What people choose to have opinions about, I’ve noticed, often has little to do with current events or issues. The ones that do form the first tier of opinion columns that appear in The Bison: the reaction columns. Reaction columns first tell us that something important has happened and follow with how the writer wants you to feel about it. The most effective reaction columns spawn their own reactions, as was the case with the Nonie Darwish dialogue.
The second tier is made up of what I call “topic columns.” Writers who submit these pieces clearly have opinions and want the reader to share them. However, the topics have no timeframe; a column about social network addiction or the pursuit of grades can be written and run anytime. They may not contribute much to water cooler conversations, but these topic columns can still direct attention to important issues.
The third, and biggest, tier is home to the advice column, which is a blanket term for all the submissions with one thing in common: a complete lack of news value. This is not a bad thing in and of itself. One of my favorite columns this semester advised students to quit griping about the liberal arts curriculum and take advantage of it to become a more complete intellectual. Others offer anecdotes that can either brighten your day or challenge you to try harder tomorrow. The advice columns may not technically belong on an opinion page, but their insight into the student mind is invaluable and always welcome.

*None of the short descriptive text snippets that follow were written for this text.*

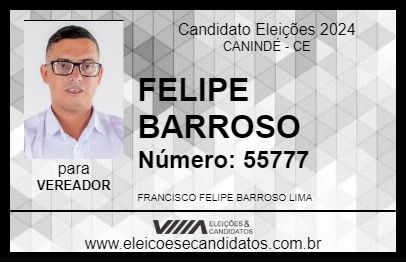 Candidato FELIPE BARROSO 2024 - CANINDÉ - Eleições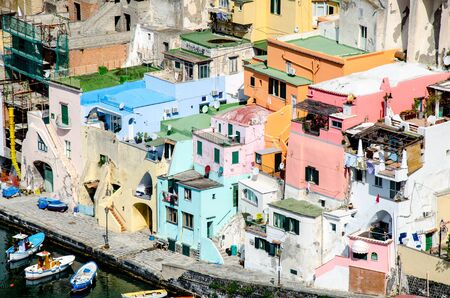 houses of Procidaの写真素材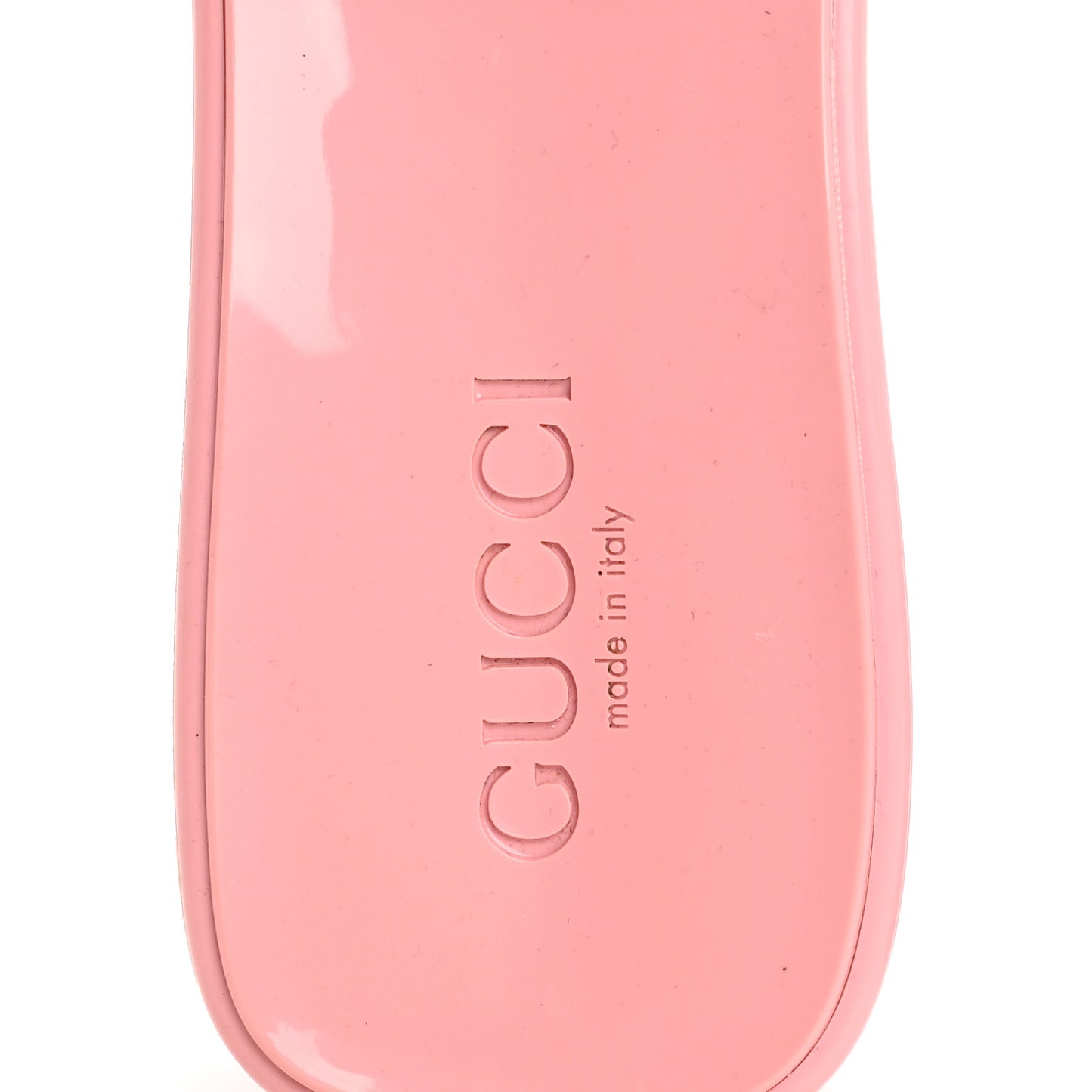 Rubber Gucci Logo Womens Platform 20/60mm Slide Sandals 40 Wild Rose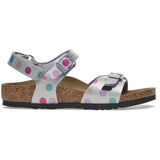 Birkenstock Rio AS Kids BF Elec. Metallic SilverDots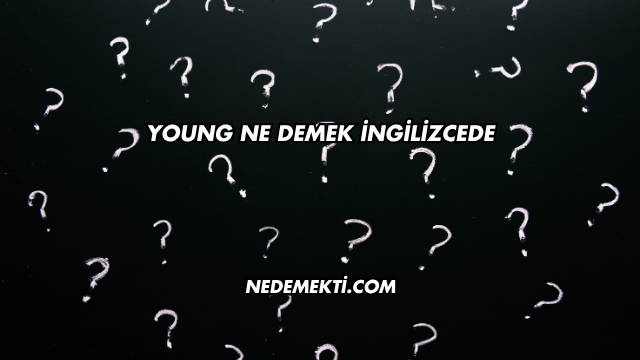 Young Ne Demek İngilizcede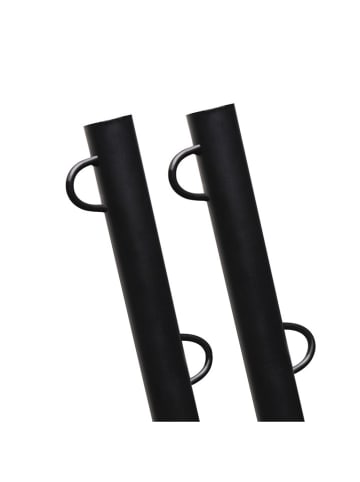 Inkazen Drążki (2 szt.) w kolorze czarnym do żagli przeciwsłonecznych - wys. 220 cm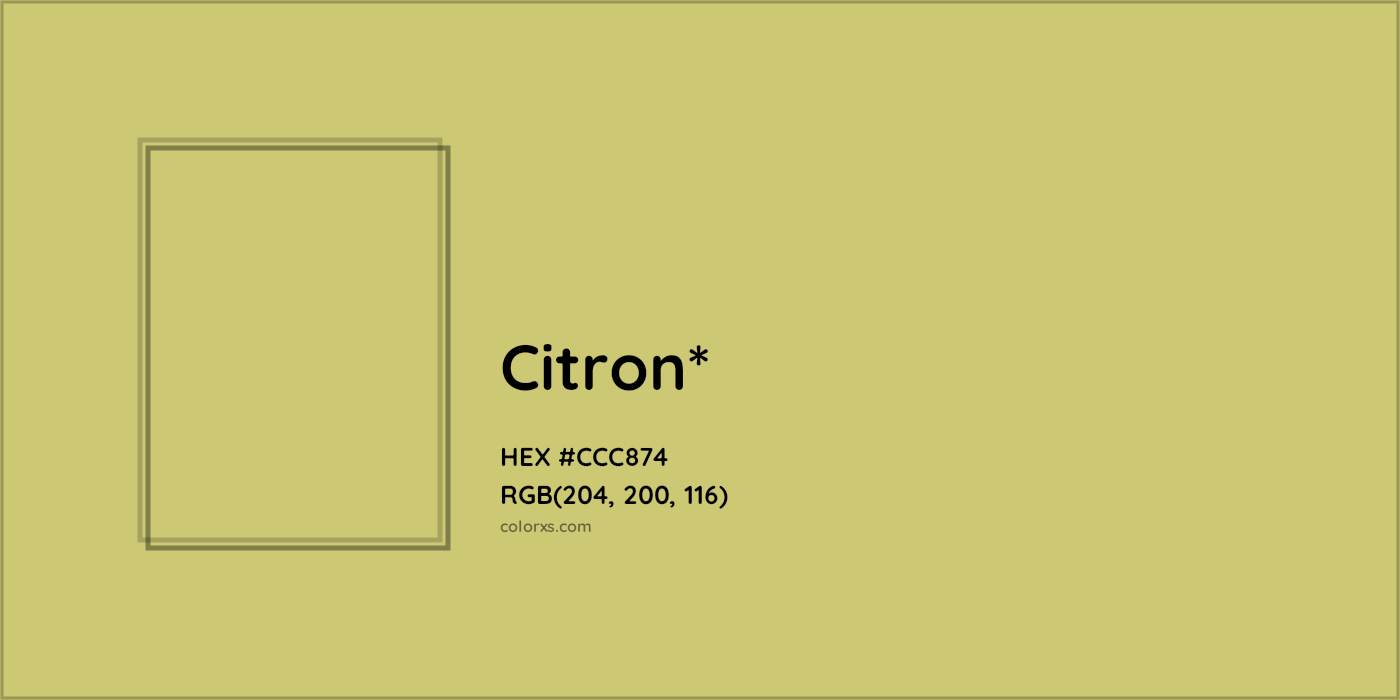 HEX #CCC874 Color Name, Color Code, Palettes, Similar Paints, Images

I say all that to say this: some opinion columns make me think, others make me smile, but an elite few columns and their writers have made me throw up my hands and exclaim, “Dude, just get a Livejournal!” I’m referring to the phenomenon of male writers submitting opinions that read like something scribbled in the margins of a teenage girl’s study Bible.
Let me just say that being a sensitive male is nothing to be ashamed of; regularly writing about feelings of inadequacy, the struggle to love yourself and the world’s overemphasis on being pretty isn’t shameful either … if you’ve got two X chromosomes. If you think I’m implying that women don’t write about important issues, think again. Readers are waiting for intelligent commentary on the real issues that shape and divide our world, and females are delivering while these guys decide how emotionally mature they want to appear in their next column.
Yes, I’m being mean, but I have to be in order to discourage men from using the newspaper to showcase the depth of their feelings. For John Wayne’s sake, if you feel the need to write an advice column, at least make it about something manly! Write about leadership, rugged individualism, honor or anything else because the next column I get from you guys about our dire need for more warm fuzzies is going to rot in my inbox. Save it for your blogs, dudes.